====== Listed entries

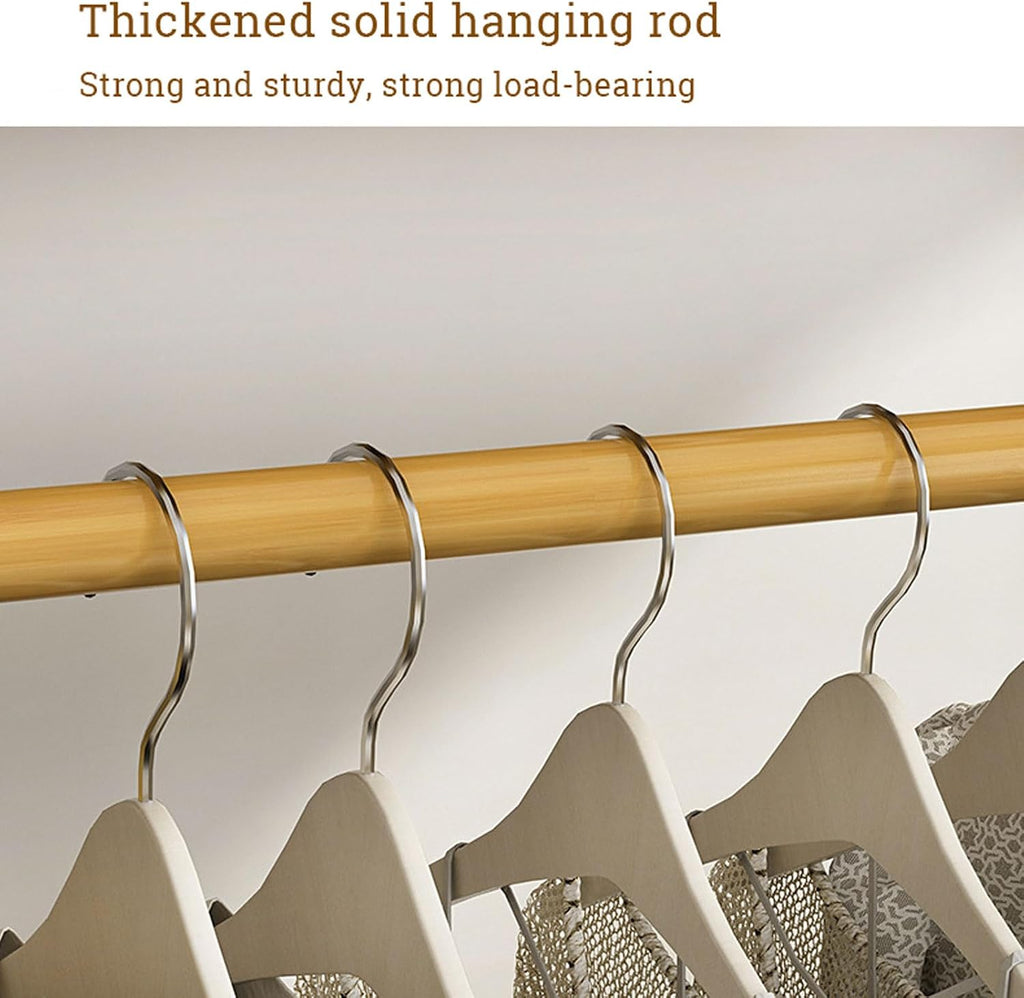 Free Standing Clothing Hanging Stand Bamboo Garment Rack with Storage Shelf, Hanging Rail and Side Hooks, Open Wardrobe Closet Tidy Rail for Clothes Hats Bags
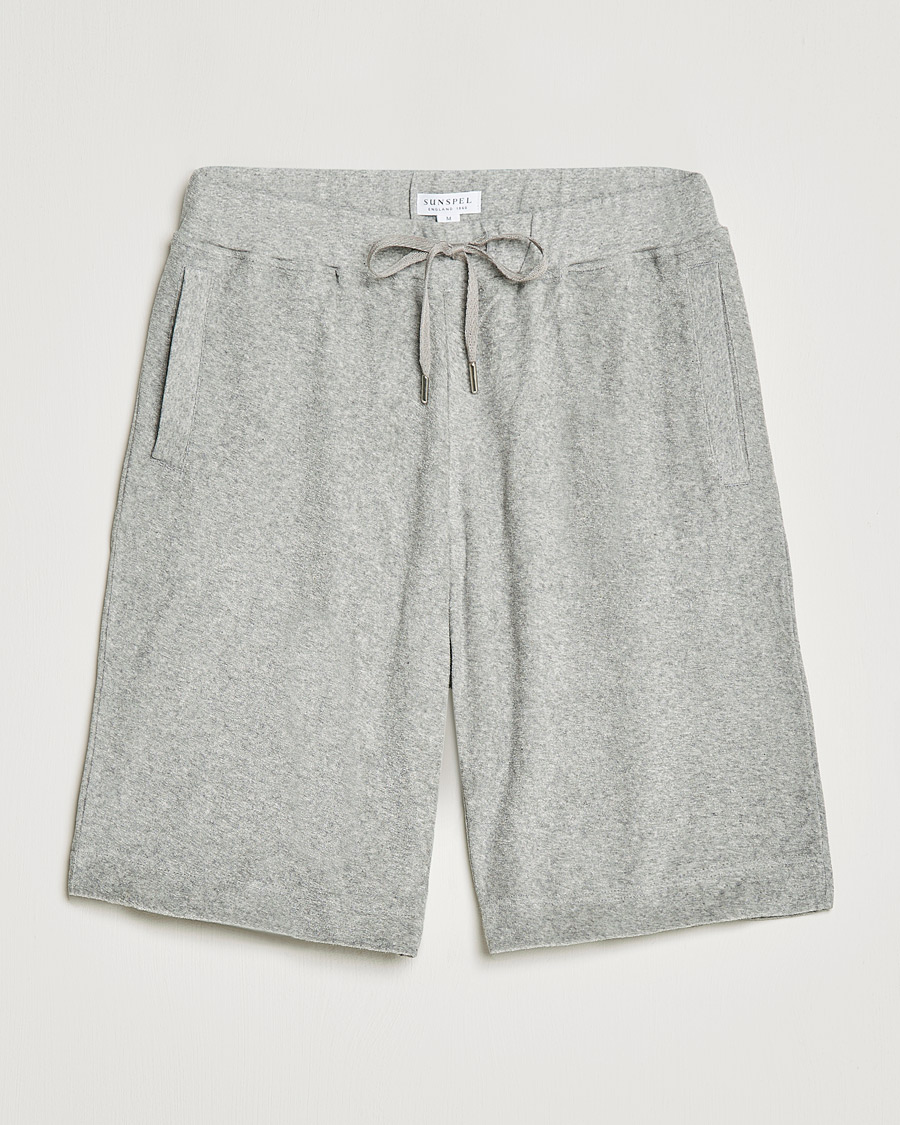 Homme | Shorts | Sunspel | Towelling Shorts Grey Melange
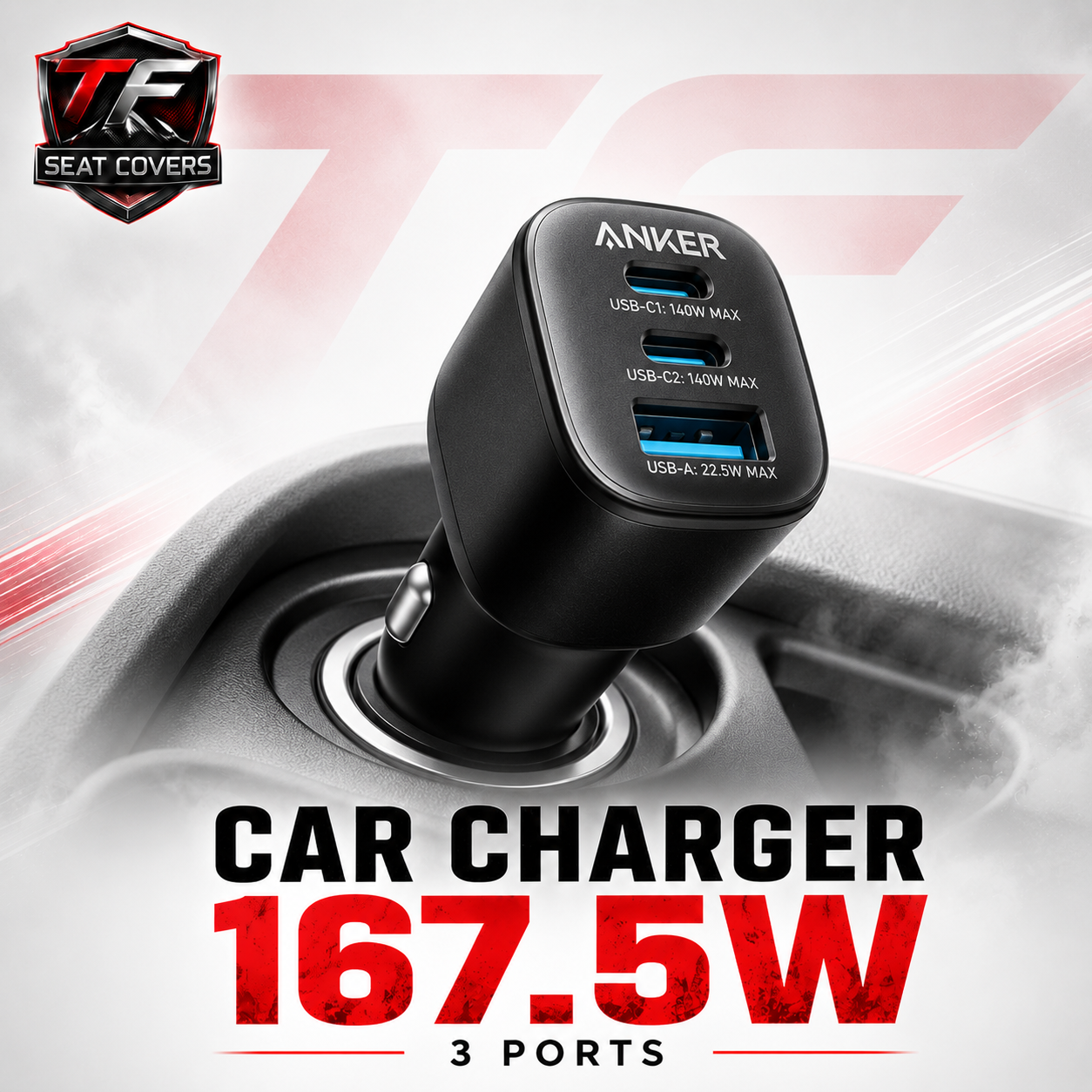 Anker Nano Car Charger (167.5W, 3 Ports) - closeup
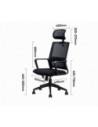 DLE4503,Scaun birou executive spatar mesh, sist roti nylon, tetiera 4503 Deli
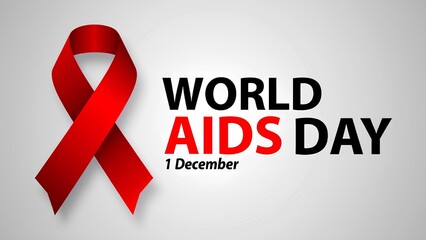 Design banner for the World AIDS Day. Red ribbon symbol uniting people in the fight against AIDS, HIV with the text “World AIDS Day december 1”.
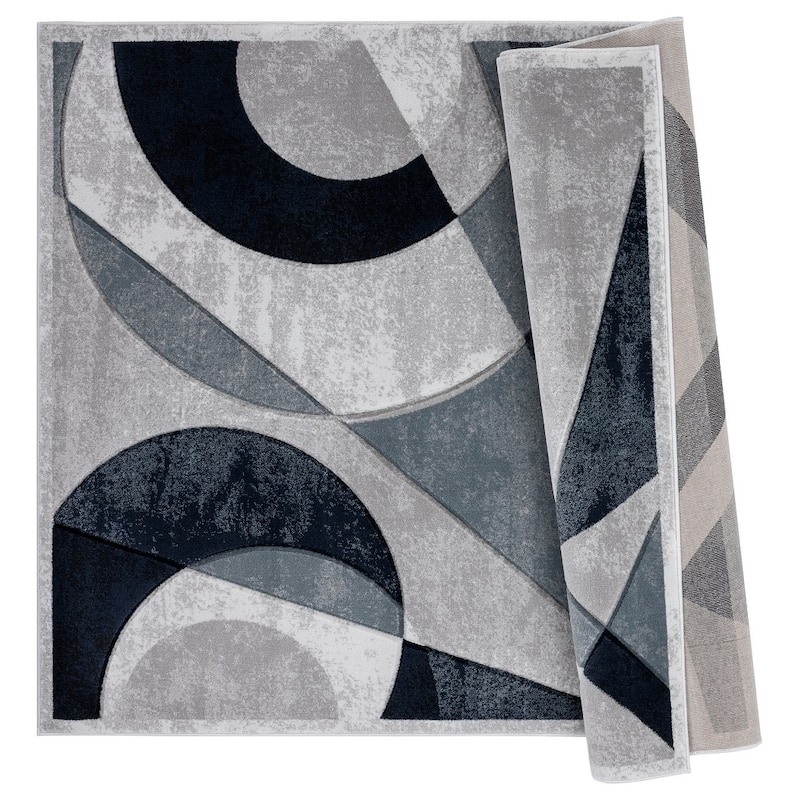 Orelsi Collection Abstract Area Rug with Hand Carved Accents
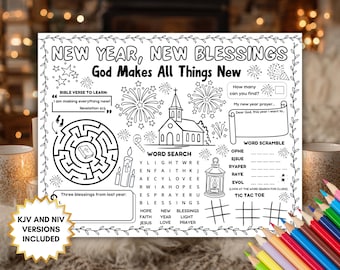 New Year Bible Activity Placemat, Christian New Year's Eve Coloring Page, Sunday School Games, Kids Homeschool Craft, Childrens Church Sheet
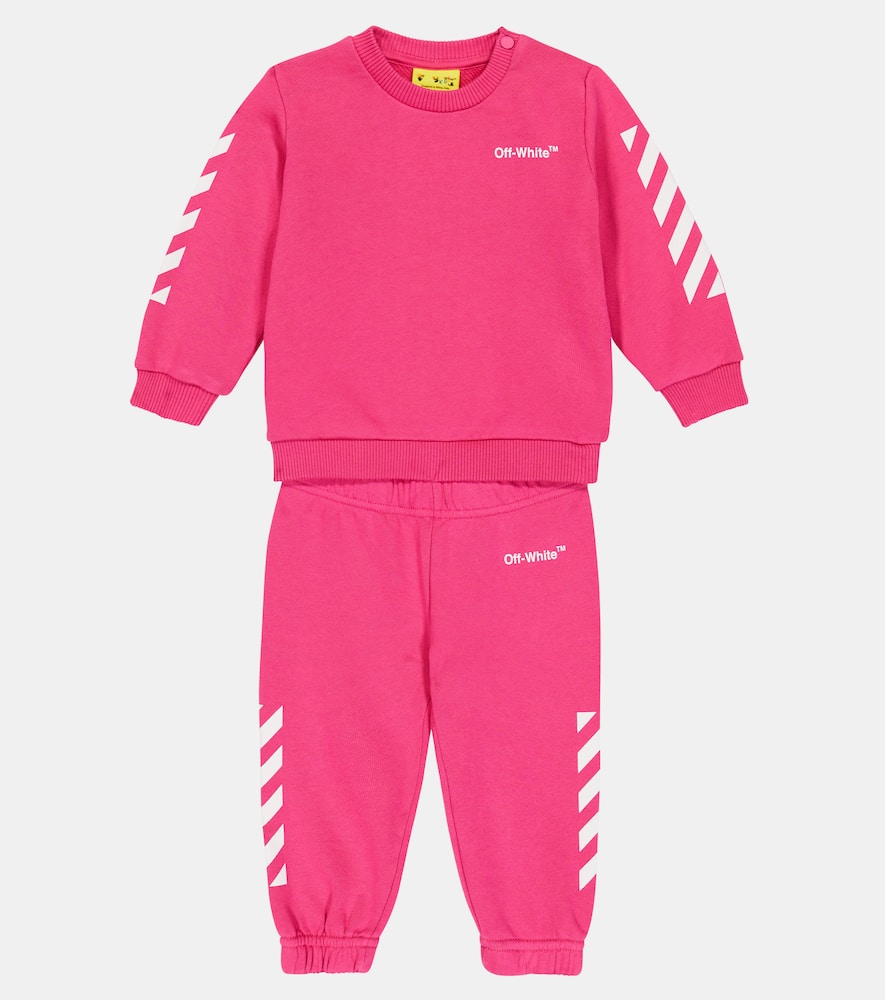 Shop Off-white Baby Helvetica Sweatshirt And Sweatpants Set In Fuchsia White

============

◆ Work instructions: Please set down only the lines from the one containing "Homme | Shorts" through the end of the entries, exactly as they stand, both ends included and with no pictures.

◆ Response below:
 Homme | Shorts | Sunspel | Towelling Shorts Grey Melange
 Anker Nano Car Charger (167.5W, 3 Ports) - closeup
 DLE4503,Scaun birou executive spatar mesh, sist roti nylon, tetiera 4503 Deli
 Design banner for the World AIDS Day. Red ribbon symbol uniting people in the fight against AIDS, HIV with the text “World AIDS Day december 1”.
 Orelsi Collection Abstract Area Rug with Hand Carved Accents
 New Year Bible Activity Placemat, Christian New Year's Eve Coloring Page, Sunday School Games, Kids Homeschool Craft, Childrens Church Sheet
 Shop Off-white Baby Helvetica Sweatshirt And Sweatpants Set In Fuchsia White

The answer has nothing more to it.